Aim of the task ::
Working through the data below, reproduce word for word the line with "Tafelblad Rond Ø" and every line after it, both ends included, and omit the pictures.
*** Data records Section Begins ***
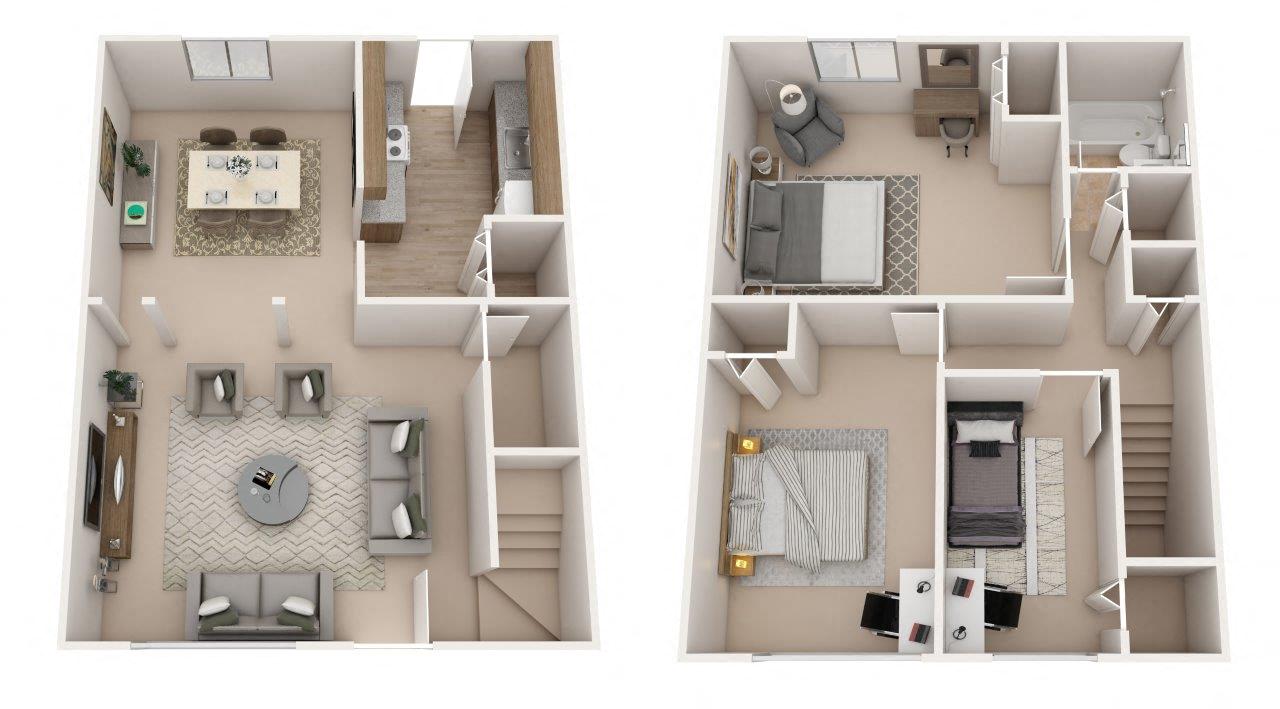 Floor plan for 3 beds, 1 bath, 1040 sqft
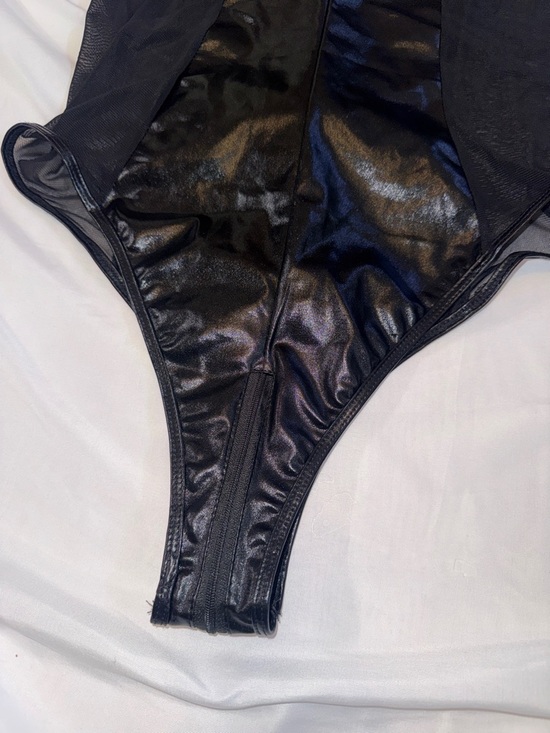 Woman’s Black Shiny Zip-Front Sheer Panel Bodysuit - Picture 7 of 7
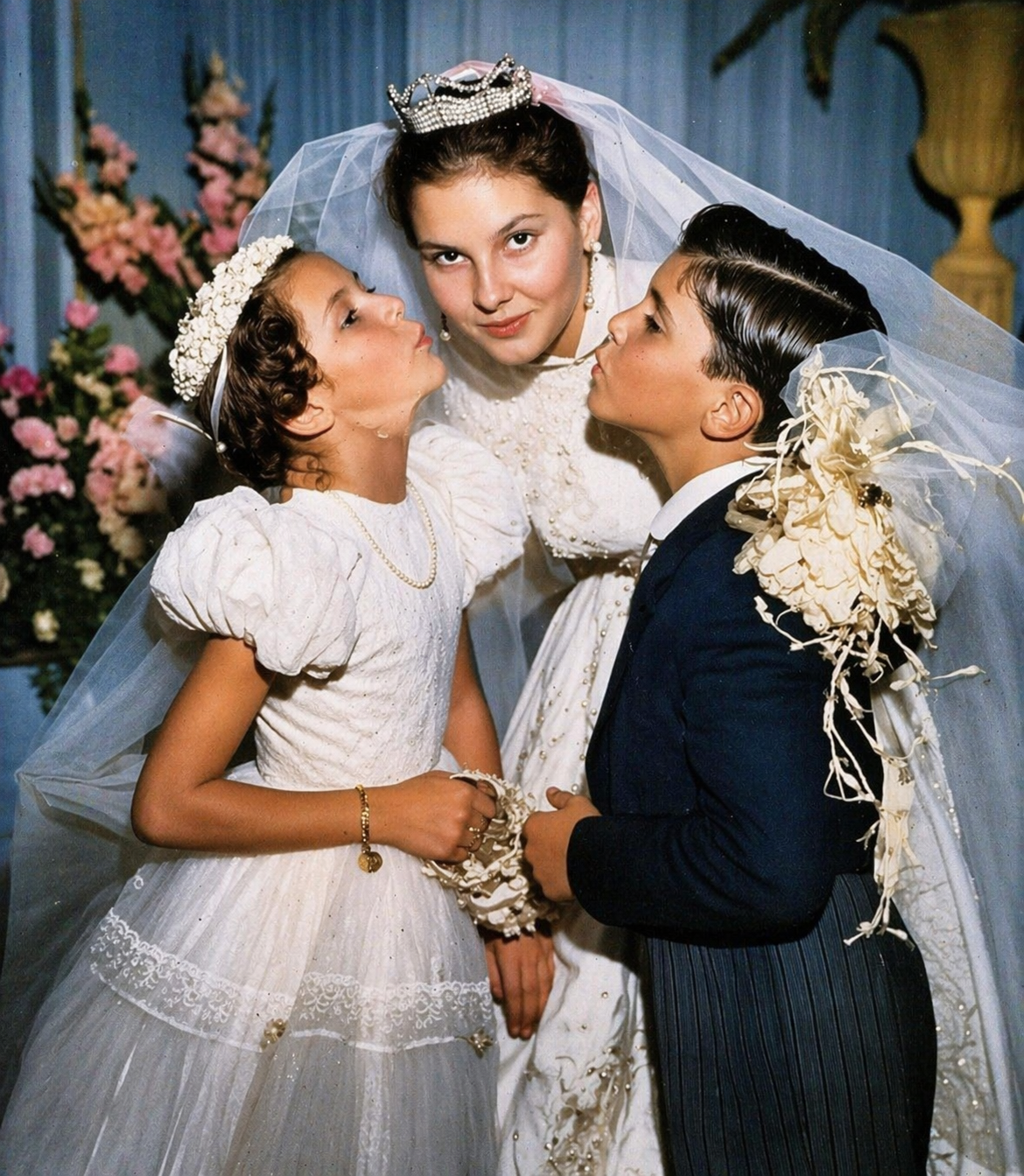 Maricy Trussardi com os irmãos José Mariano e Maria José no seu casamento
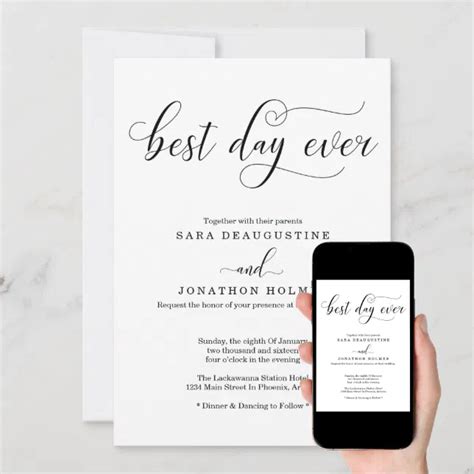 "Best Day Ever" Wedding Invitation | Zazzle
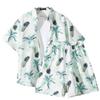Conjunto de Shorts de Seda Helada para Hombre Verano Delgado Holgado Camisa de Manga Corta Floral Traje de Playa de Pareja Hawaiano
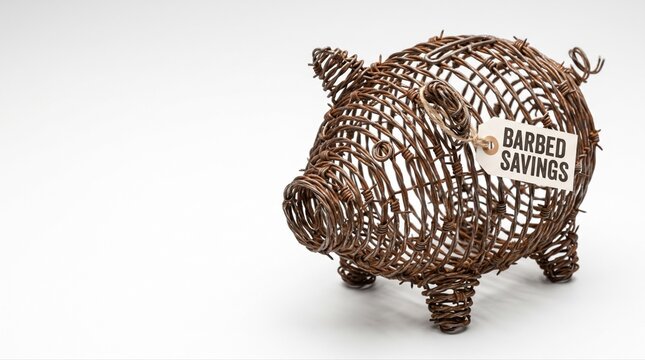Barbed savings concept with a wire piggy bank and handwritten label, featuring copy space for financial hardship and money protection ideas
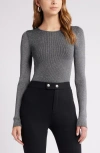 Open Edit Metallic Rib Sweater In Black- Silver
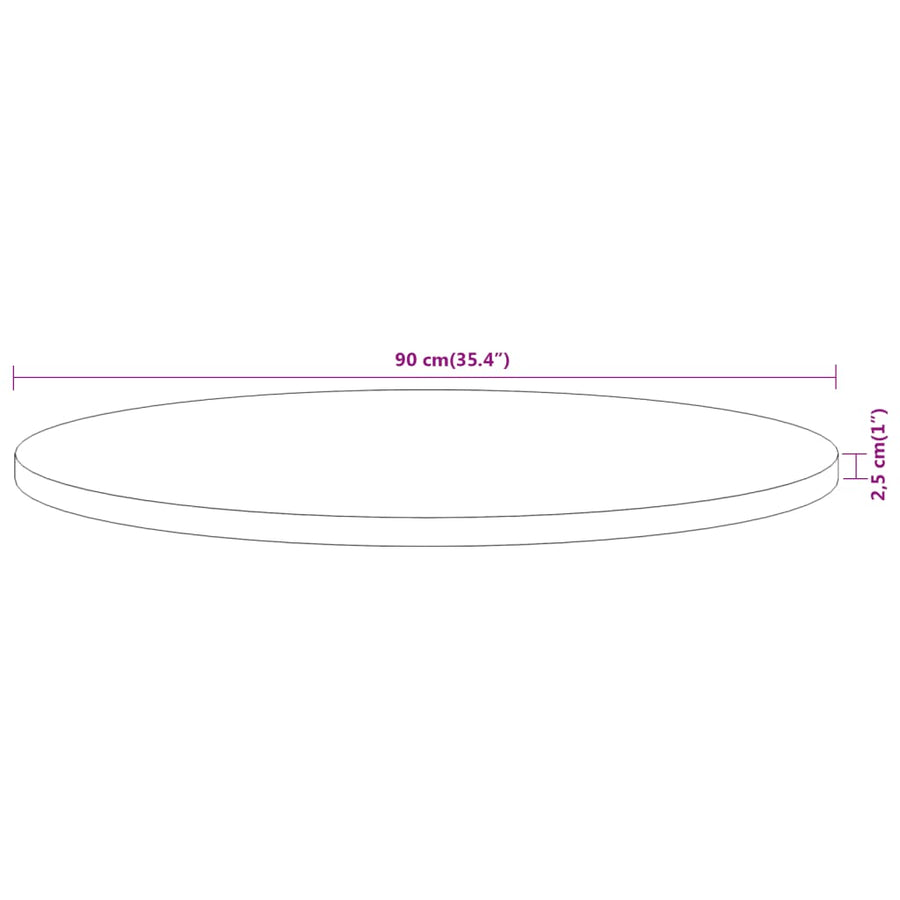 Tafelblad Rond Ø 90X2,5 Cm Naturel 90 x 2.5 cm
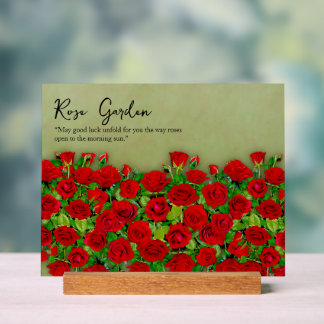 Lebendiges rotes Rosengarten-Blumenmuster Acrylschild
*** Data records Section Ends ***
Result below ::
 Tafelblad Rond Ø 90X2,5 Cm Naturel 90 x 2.5 cm
 Lebendiges rotes Rosengarten-Blumenmuster Acrylschild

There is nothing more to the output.